Wenn Zwei sich streiten… kommt es manchmal darauf an, wer am längeren Hebel hängt. In einem Verfahren vor dem Bundesfinanzhof stand zur Debatte, ob steuervergünstigte Arbeitgeberleistungen, die ausschließlich zusätzlich zum ohnehin geschuldeten Arbeitslohn erbracht werden dürfen - jedenfalls, wenn sie steuervergünstigt sein sollen - auch mit einem Gehaltsverzicht oder einer Gehaltsumwandlung verbunden sein dürfen. Es ist ja klar, dass eine zusätzliche Leistung für die man an anderer Stelle auf das Äquivalent verzichtet, irgendwie gar nicht „zusätzlich“ ist, sondern eher „stattdessen“. Das Gesetz ist da eigentlich eindeutig, aber auch irgendwie theoretisch. Letztlich lässt sich die Frage nach der Zusätzlichkeit dann doch irgendwie zurechtbiegen. So sah das wohl auch der Bundesfinanzhof und lehnte die Zusätzlichkeitsvoraussetzung ab.  

Das Bundesfinanzministerium reagierte mit einen sog. Nichtanwendungserlass, einer höflichen Form von: „Interessiert uns nicht“.

Stattdessen wurde der Inhalt des §8 in Absatz 4 des Einkommensteuergesetzes, der diese Dinge regelt, nun weiter verschärft:

Danach sind nur „echte“ Zusatzleistungen zum ohnehin geschuldeten Arbeitslohn steuerbegünstigt. Inhaltlich geht es um Sachbezüge oder Zusschüsse. „Echt“ übernimmt in der Formulierung vermutlich die Abgrenzung zu den zurechtgebogenen Versionen. In Worten:

  • Die Leistung darf nicht auf den Anspruch auf den Arbeitslohn angerechnet werden.
  • Der Arbeitslohn darf nicht zugunsten der Leistung herabgesetzt werden.

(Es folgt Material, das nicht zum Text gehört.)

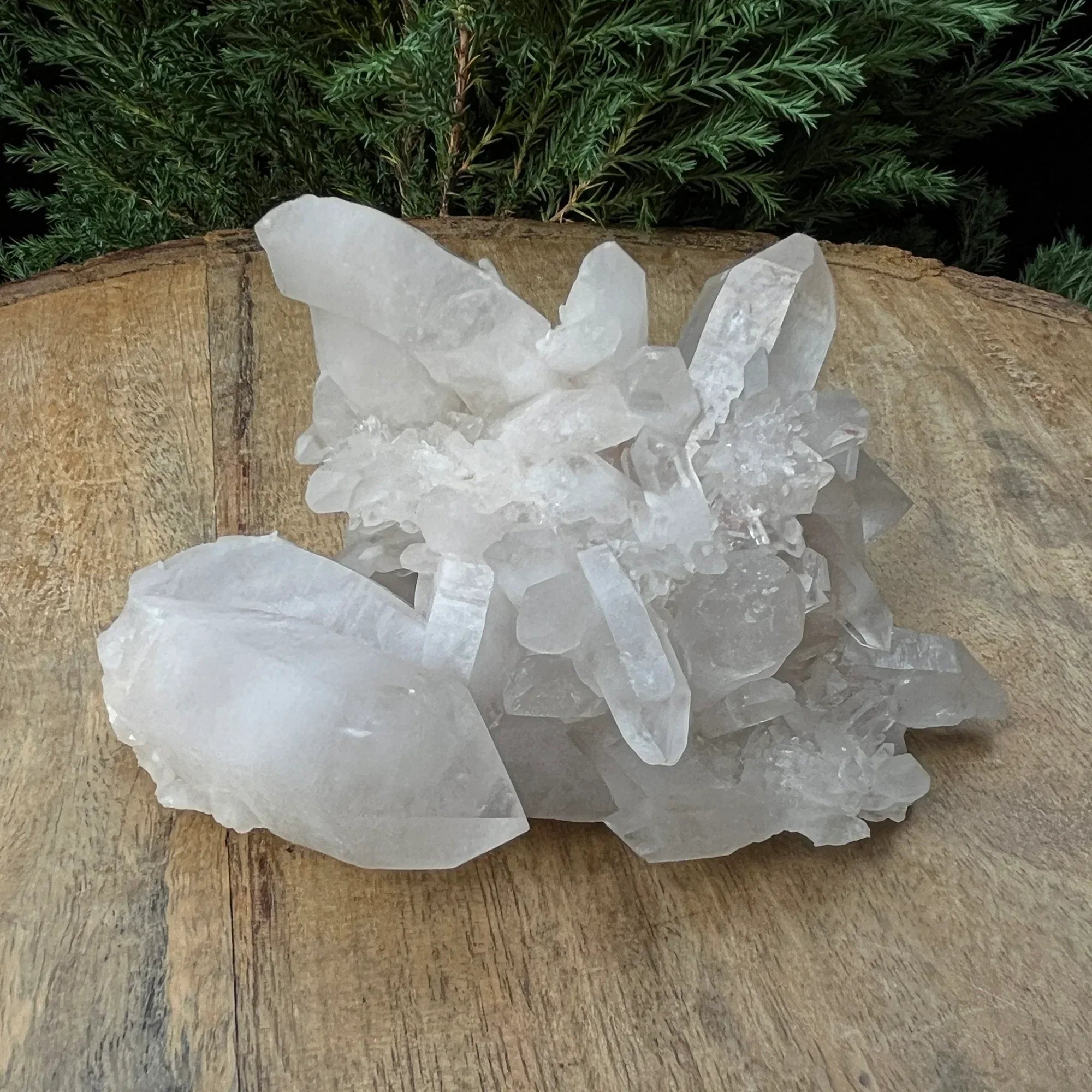 Natural Himalayan White Quartz Cluster 230g – Healing Crystal Himalayan Quartz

So weit, so klar und in Wirklichkeit nur eine Verdeutlichung der eigentlichen Absicht des Gesetzes, damit auch die Kollegen vom Bundesfinanzhof genau wissen, was mit „zusätzlich“ gemeint ist.

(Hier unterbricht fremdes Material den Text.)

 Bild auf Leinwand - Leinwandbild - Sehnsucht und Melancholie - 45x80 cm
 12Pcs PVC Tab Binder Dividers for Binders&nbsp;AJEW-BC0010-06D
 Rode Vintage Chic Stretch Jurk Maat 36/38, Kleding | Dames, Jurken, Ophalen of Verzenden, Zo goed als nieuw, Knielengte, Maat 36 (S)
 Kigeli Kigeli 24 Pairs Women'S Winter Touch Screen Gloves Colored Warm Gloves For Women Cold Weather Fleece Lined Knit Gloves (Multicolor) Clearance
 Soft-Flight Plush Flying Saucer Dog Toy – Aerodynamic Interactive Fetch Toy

Aber wie die meisten Pendel, die mehr zurückschwingen, je mehr man sie in die eine Richtung stuppst, schwingt auch hier die Gesetzgebung gleich ein bisschen weiter, als vielleicht nötig ist:

Auch zukünftige Lohnerhöhungen sind im Fokus. Es darf nun nämlich nicht eine Zusatzleistung durch eine Lohnerhöhung ersetzt werden, weil das in der Umkehr ja bestätigt, dass die Zusatzleistung in Wirklichkeit eben gar nicht als zusätzlich war. 

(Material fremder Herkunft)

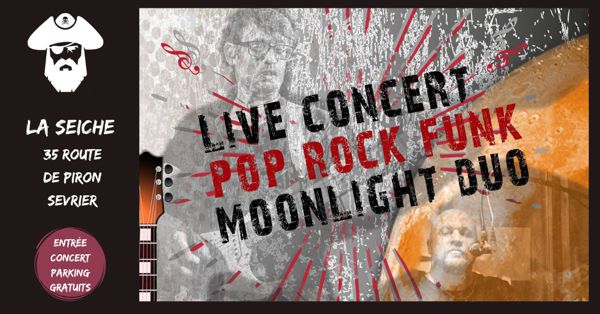Moonlight Duo en concert - Pop, Rock; Funk à La Seiche (Sevrier près d'Annecy)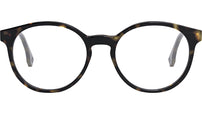 Fendi Fine Havana Round Eyeglasses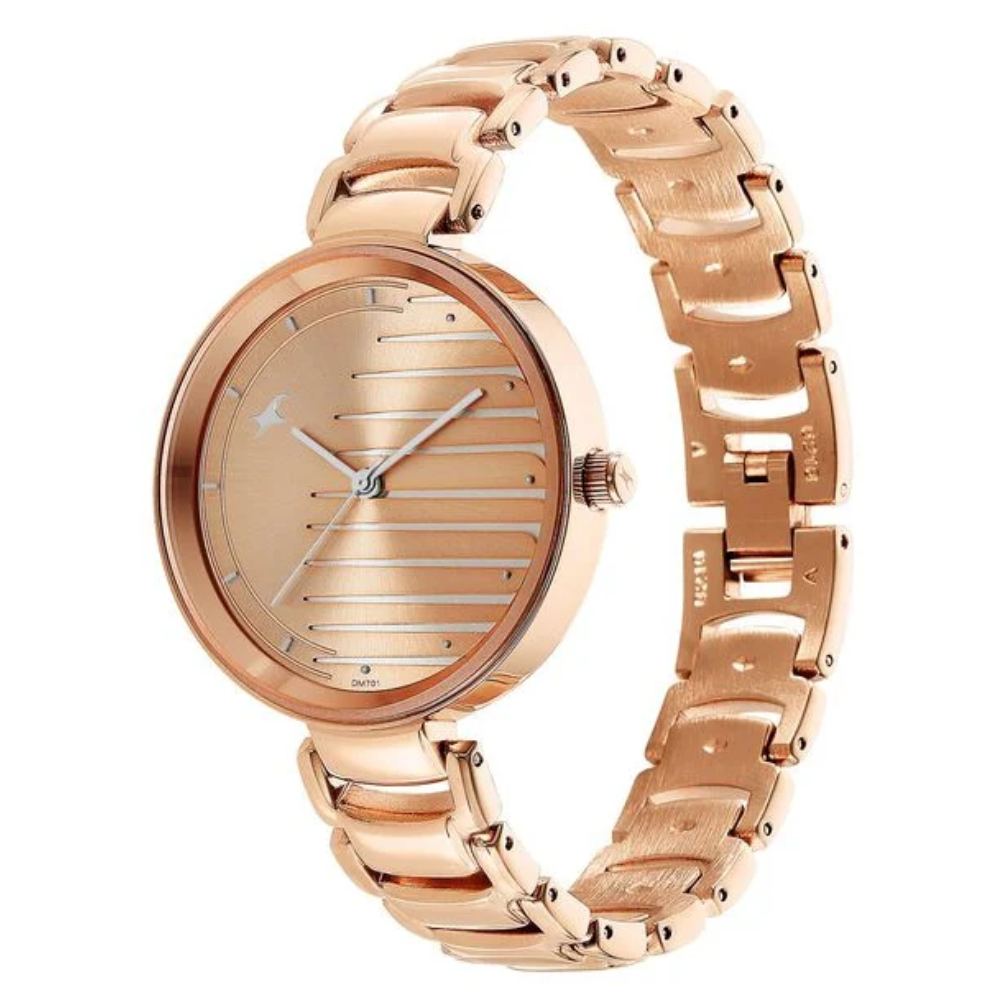 Fastrack Style Up Rose Gold Women's Watch NT6216WM02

Was aber, wenn die Zusatzleistung das Bezahlen der Kitakosten war, das Kind aber unerwartet älter geworden ist und die Kita-Zusatzleistung keinen Sinn mehr ergibt, die Mitarbeiterin aber wegen ihrer Leistungen eine Lohnerhöhung redlich verdient hat?

Helfen kann eine Arbeitsrechts- oder Dienstrechtsgrundlage, die einen Anspruch auf die Zusatzleistung ausweist. 

Ganz allgemein, sollte angesichts der Verschärfung des Gesetzes eine Zusatzleistung bei der Planung etwas mehr Aufmerksamkeit bekommen und ggf. zumindest deutliche Überlappungen bei Änderungen eingeplant werden. So könnte schon 2-3 Monate vor dem Ende der Kita-Förderung eine Lohnerhöhung etabliert werden, die dann nicht mehr so sehr im Kontext mit dem Ende der Zusatzleistung steht.